It would be really interesting to crank up a big statistical analysis with
lots of extra columns of data, to see the strength and amount of correlations
between other factors. My money is on "bigger changes lead to longer code
reviews and also independently lead to more reviewers being set on the pull
request". Which.. would be kind of a boring result which everyone already
intuitively knew, admittedly. But at least then we'd know for sure.
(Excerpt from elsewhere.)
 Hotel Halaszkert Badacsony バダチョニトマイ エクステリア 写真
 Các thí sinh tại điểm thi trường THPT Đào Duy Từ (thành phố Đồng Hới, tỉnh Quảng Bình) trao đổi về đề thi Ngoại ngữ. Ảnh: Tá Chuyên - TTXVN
Or at least, for p<0.05 sure.

------
nathan_f77
I'm doing this right now. I got tired of the limitations with GitLab CI's
caching, so I spent this weekend writing a custom caching layer that uses my
own Google Cloud Storage bucket [1]. There are plenty of more valuable things
that I could be working on, but this has been really fun.

[1]
[https://gist.github.com/ndbroadbent/d394f8a6890eddcaeafe9223...](https://gist.github.com/ndbroadbent/d394f8a6890eddcaeafe9223e8b50be5)

------
smoyer
I'm easy to be one of the curiosity cogs ...if there's an autonomous fuel tank
for this I haven't found it yet. More seriously,I think that 80% pig my work
its exploratory and driven to a large degree by curiosity. I get paid really
well for the other 20% because the quality of that output is driven by the
investigation done without production.